CORMAN’S WORLD: EXPLOITS OF A HOLLYWOOD REBEL (2011) Reviews and overview

  

‘Some men take on the world. Roger Corman created his own.’

Corman’s World: Exploits of a Hollywood Rebel is a 2011 documentary feature directed by Alex Stapleton (and co-written with Gregory Lockyear) that profiles the prolific Hollywood producer-director associated with decades of B-pictures, often in the horror and exploitation fields, whose “exploits” nonetheless resulted in numerous interesting and cult-classic movies and launched careers of some cinematic legends.

Corman’s World is not the first documentary about the iconic low-budget director-producer extraordinaire (also see Roger Corman: Hollywood’s Wild Angel, 1978) but it makes a more complete, fond late-career retrospective.

Cineastes, especially those of the cult and creature-feature variety, will feast on this career appreciation of Corman, from his rickety 1954 debut Monster from the Ocean Floor through juvenile-delinquent non-epics, Vincent Price/Edgar Allan Poe Gothics, 60s biker-hippie dramas (Easy Rider was almost a Corman production, but Dennis Hopper and Peter Fonda didn’t like the penny-pinching of Corman’s partners at American International, so Columbia Pictures reaped the immense profits instead) and 70s action-exploitation and sex comedies.

The narrative includes a galaxy of noteworthies.
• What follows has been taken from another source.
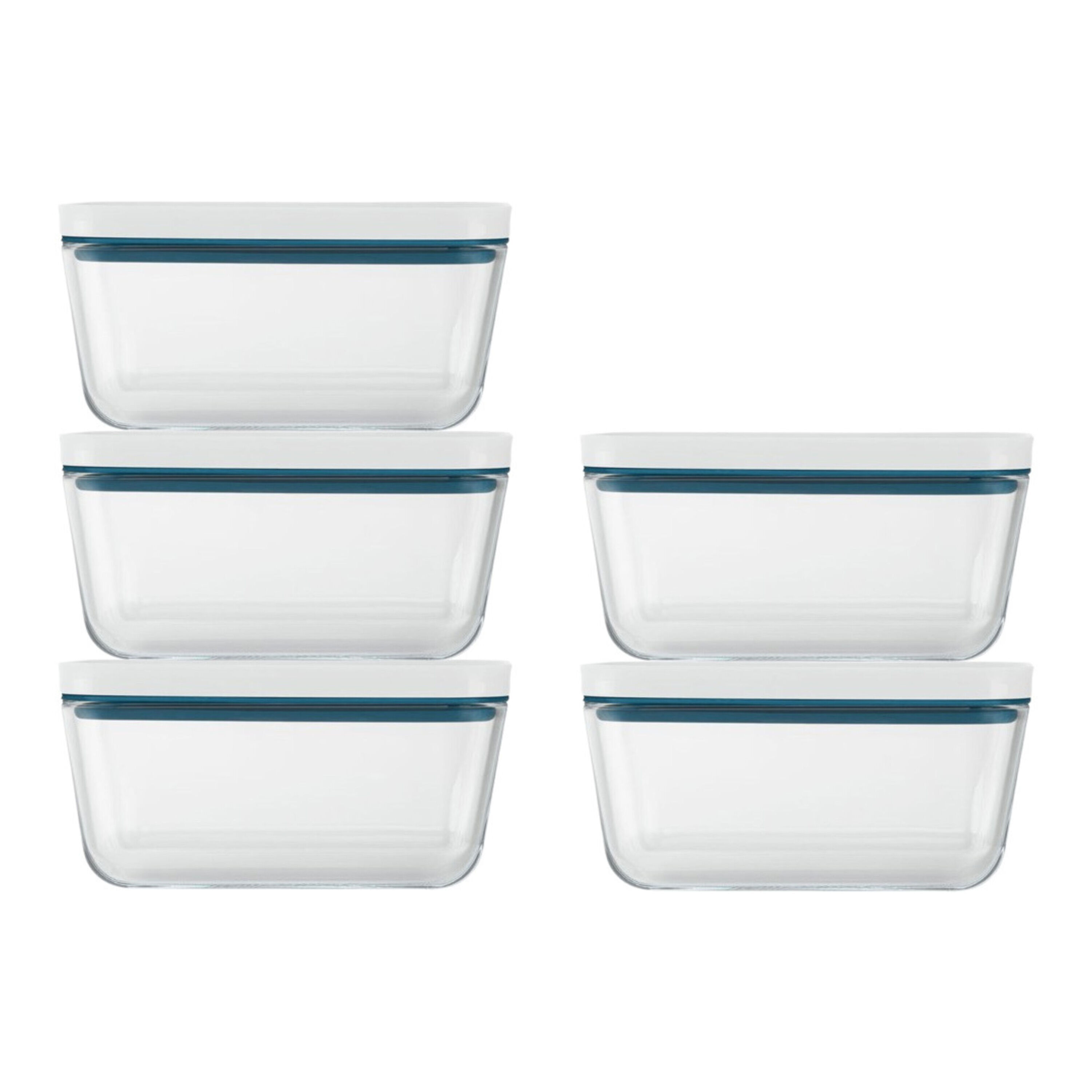 ZWILLING Fresh & Save Vacuümdozenset , 5-delig / M, glas, La-mer - Fresh & Save - ZWILLING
Some, such as actor David Carradine were sadly no longer with us when the documentary was released in 2011.

We catch up with the contemporary Corman early on, overseeing as a producer a monster movie called Dinoshark, a campy outing for the Sci-Fi Channel (prior to its rebranding as Syfy). On this opus crew evidently tried to save money by communicating via child’s toy walkie-talkies rather than professional transceivers.

This leads cohorts and critics to lament that for all the hundreds of features and the learning experiences they represented, all the cult-name recognition, all the genuinely good movies like House of Usher, Corman never graduated from the drive-in schlock demographic to “quality” pictures approaching those of filmmakers he mentored and admired.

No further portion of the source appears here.